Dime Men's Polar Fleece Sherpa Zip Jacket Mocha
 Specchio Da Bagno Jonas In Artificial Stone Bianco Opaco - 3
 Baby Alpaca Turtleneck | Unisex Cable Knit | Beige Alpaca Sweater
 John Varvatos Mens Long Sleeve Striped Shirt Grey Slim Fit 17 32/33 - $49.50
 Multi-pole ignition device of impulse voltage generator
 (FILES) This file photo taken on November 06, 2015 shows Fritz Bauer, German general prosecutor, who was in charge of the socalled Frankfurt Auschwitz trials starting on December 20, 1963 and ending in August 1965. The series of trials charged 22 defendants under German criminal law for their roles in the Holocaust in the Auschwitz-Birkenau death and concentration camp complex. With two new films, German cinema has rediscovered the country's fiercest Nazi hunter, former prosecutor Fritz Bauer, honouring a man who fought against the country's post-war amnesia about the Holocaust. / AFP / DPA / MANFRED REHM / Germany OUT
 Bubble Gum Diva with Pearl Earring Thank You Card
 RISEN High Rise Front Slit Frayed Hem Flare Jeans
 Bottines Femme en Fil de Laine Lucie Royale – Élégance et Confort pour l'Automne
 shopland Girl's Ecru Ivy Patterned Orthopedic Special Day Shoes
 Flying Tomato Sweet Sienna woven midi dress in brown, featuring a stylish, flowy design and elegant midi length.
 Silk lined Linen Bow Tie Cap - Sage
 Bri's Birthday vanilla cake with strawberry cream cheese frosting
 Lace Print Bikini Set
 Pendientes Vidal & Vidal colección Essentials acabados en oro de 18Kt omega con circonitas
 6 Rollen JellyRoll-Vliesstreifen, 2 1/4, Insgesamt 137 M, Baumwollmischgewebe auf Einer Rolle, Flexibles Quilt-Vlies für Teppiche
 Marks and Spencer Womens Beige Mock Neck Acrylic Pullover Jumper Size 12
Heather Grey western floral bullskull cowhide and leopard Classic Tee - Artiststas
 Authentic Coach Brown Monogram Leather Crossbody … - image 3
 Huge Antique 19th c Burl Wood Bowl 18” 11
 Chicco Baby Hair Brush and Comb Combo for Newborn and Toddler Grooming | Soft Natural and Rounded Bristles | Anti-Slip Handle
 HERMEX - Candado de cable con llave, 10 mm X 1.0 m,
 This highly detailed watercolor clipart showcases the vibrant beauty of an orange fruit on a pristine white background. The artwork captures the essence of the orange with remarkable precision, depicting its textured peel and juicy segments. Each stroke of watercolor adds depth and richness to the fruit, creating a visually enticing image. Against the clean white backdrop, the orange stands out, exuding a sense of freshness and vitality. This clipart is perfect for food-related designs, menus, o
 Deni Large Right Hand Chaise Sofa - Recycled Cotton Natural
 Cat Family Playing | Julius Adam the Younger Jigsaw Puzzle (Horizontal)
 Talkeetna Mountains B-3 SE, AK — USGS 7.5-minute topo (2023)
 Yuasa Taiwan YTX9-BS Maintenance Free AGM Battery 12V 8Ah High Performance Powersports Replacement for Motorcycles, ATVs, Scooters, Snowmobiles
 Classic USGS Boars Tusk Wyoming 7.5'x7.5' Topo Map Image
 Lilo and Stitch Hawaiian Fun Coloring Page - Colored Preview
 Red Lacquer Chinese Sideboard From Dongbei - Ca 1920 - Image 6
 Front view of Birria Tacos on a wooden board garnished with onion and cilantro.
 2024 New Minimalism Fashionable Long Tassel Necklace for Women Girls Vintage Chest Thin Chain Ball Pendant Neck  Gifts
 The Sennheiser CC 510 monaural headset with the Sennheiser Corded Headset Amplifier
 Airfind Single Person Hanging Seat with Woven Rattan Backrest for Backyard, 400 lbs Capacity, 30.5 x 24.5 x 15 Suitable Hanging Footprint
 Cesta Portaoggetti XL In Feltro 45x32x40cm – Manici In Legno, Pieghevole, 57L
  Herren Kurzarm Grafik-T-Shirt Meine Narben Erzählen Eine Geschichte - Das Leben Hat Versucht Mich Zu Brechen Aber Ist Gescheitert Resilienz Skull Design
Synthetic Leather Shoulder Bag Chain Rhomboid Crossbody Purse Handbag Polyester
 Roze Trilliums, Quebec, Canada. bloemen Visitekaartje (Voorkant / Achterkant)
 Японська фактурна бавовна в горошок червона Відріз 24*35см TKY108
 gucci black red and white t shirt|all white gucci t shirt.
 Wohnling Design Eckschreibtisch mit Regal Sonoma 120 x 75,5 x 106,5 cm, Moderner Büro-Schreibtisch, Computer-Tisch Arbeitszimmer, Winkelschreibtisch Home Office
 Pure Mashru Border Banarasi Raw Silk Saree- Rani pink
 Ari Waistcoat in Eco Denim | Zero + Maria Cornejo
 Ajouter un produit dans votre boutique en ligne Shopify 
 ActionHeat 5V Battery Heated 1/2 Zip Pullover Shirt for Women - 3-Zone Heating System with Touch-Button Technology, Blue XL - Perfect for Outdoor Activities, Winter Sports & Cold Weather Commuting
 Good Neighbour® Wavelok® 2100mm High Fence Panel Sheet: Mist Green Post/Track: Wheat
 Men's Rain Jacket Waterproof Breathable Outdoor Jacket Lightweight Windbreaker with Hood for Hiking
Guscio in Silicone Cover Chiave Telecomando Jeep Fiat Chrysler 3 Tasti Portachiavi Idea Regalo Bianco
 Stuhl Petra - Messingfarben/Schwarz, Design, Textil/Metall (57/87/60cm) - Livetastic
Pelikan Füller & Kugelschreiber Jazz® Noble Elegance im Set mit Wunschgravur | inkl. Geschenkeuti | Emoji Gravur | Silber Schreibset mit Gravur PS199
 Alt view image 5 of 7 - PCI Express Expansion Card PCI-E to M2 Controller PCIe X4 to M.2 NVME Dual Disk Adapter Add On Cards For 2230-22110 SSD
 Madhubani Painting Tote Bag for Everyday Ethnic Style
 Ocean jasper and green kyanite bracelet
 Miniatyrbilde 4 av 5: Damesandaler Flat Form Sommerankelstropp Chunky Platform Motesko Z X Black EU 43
☆ ☆ ☆ ☆
## Task item
Only lines of the material that contain the word "USGS" belong in the answer; copy each one.

## Task answer
 Talkeetna Mountains B-3 SE, AK — USGS 7.5-minute topo (2023)
 Classic USGS Boars Tusk Wyoming 7.5'x7.5' Topo Map Image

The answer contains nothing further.